### [What you are asked to do]
Restate the data word for word. Leave the pictures out.

### [Information]
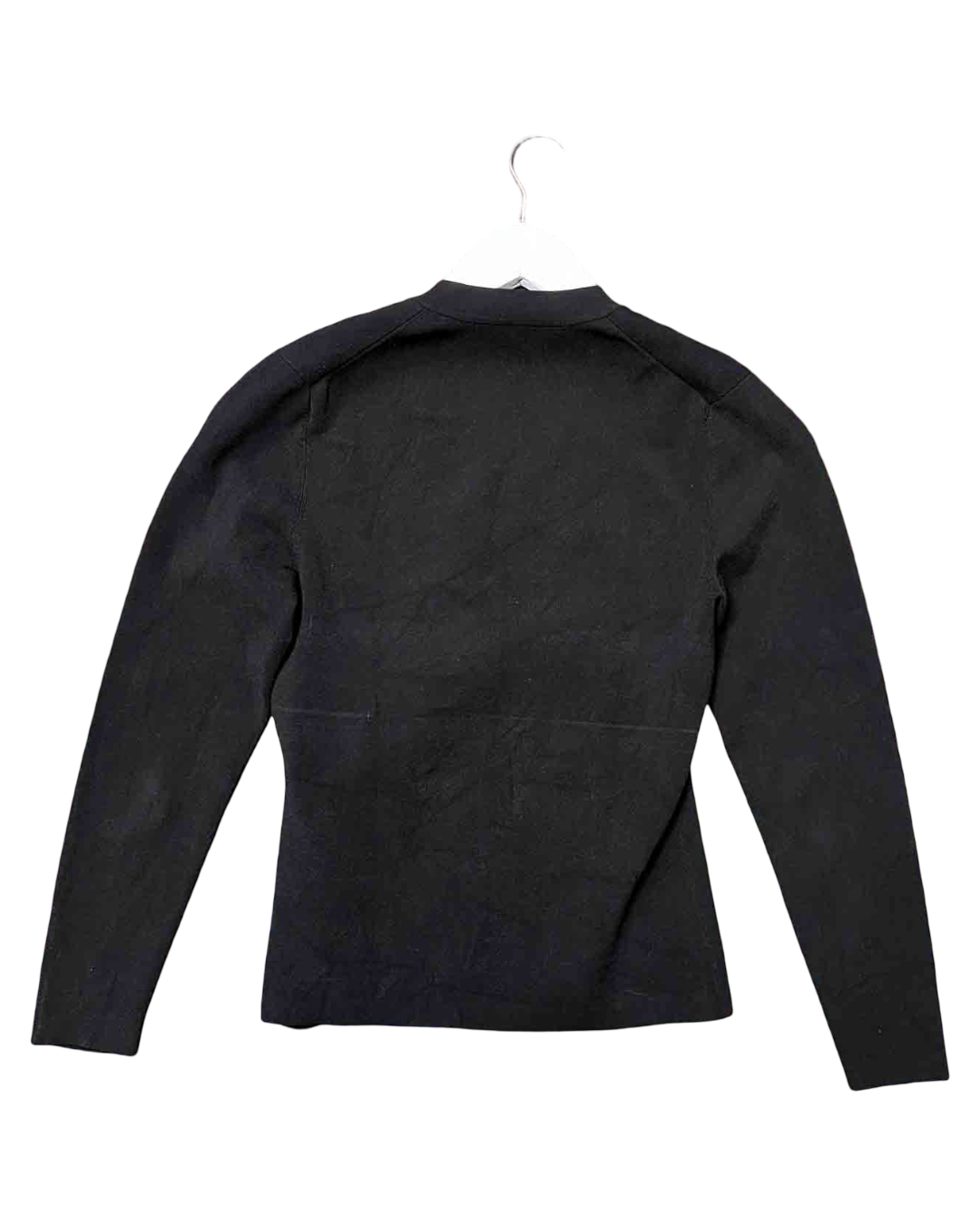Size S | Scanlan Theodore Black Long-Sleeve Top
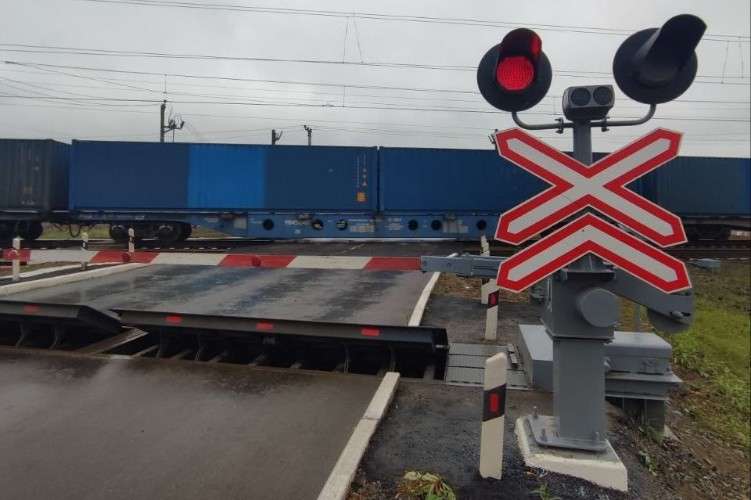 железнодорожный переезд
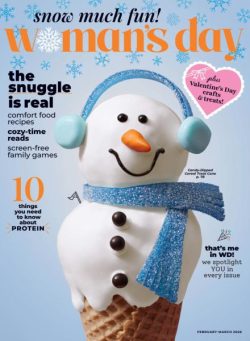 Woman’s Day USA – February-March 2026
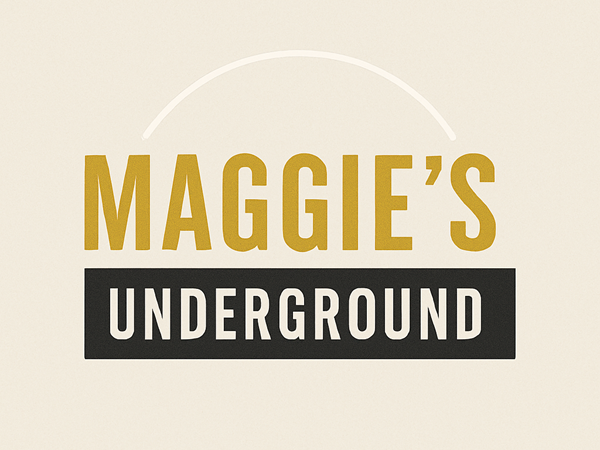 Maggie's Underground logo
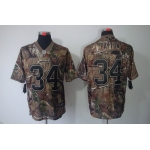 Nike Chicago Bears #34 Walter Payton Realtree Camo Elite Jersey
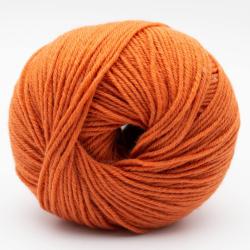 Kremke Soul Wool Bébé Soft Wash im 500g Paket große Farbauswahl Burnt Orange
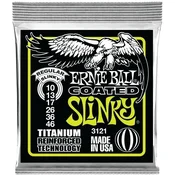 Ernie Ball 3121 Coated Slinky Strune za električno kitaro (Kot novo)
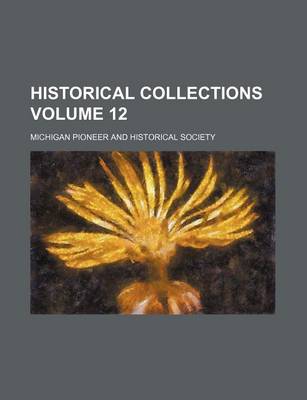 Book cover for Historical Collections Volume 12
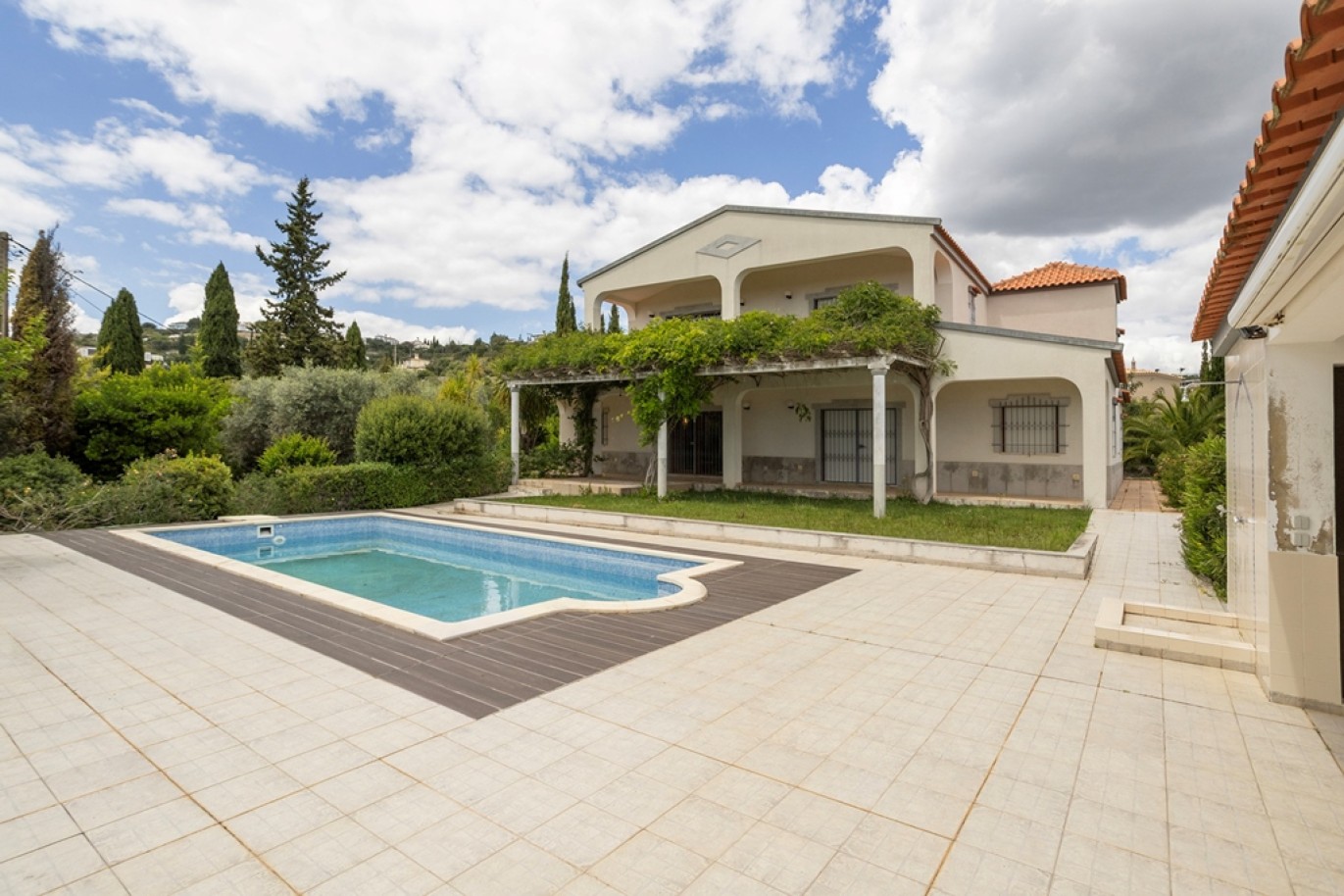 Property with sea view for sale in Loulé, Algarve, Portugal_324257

### [Exercise result]
Size S | Scanlan Theodore Black Long-Sleeve Top
 железнодорожный переезд
 Woman’s Day USA – February-March 2026
 Maggie's Underground logo
 Nike Chicago Bears #34 Walter Payton Realtree Camo Elite Jersey
 Kremke Soul Wool Bébé Soft Wash im 500g Paket große Farbauswahl Burnt Orange
 Ernie Ball 3121 Coated Slinky Strune za električno kitaro (Kot novo)
 Book cover for Historical Collections Volume 12
 Property with sea view for sale in Loulé, Algarve, Portugal_324257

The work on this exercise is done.